Collected data:
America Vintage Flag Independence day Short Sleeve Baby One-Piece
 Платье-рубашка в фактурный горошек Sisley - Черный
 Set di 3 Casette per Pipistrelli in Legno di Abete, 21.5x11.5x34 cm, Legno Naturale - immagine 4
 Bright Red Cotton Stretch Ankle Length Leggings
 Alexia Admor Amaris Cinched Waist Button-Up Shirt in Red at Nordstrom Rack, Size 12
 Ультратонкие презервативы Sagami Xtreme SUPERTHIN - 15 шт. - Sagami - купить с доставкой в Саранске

How to complete this task
An exact copy of every entry is required.

Result of the task
America Vintage Flag Independence day Short Sleeve Baby One-Piece
 Платье-рубашка в фактурный горошек Sisley - Черный
 Set di 3 Casette per Pipistrelli in Legno di Abete, 21.5x11.5x34 cm, Legno Naturale - immagine 4
 Bright Red Cotton Stretch Ankle Length Leggings
 Alexia Admor Amaris Cinched Waist Button-Up Shirt in Red at Nordstrom Rack, Size 12
 Ультратонкие презервативы Sagami Xtreme SUPERTHIN - 15 шт. - Sagami - купить с доставкой в Саранске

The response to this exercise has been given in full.